__PROBLEM DETAILS__: From the entries below, tally the lines with "background" in them and reply with that figure only.

__DATASET__:
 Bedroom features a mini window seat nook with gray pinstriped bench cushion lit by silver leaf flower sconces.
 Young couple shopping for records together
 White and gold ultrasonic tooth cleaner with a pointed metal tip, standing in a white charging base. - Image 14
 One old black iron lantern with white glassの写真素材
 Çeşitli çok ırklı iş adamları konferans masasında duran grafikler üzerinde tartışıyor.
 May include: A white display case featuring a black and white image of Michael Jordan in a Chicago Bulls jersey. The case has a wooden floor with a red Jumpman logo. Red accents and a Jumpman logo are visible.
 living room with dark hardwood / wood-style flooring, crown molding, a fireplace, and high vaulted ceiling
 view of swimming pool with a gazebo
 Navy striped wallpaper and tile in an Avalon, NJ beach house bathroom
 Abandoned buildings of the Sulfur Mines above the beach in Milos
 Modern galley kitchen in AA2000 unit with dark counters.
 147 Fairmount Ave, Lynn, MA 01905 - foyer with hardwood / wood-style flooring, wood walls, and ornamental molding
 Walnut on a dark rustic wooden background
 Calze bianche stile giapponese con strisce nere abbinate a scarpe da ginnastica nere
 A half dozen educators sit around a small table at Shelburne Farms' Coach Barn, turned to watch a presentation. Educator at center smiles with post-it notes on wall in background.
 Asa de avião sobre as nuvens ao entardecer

__OUTPUT__: 2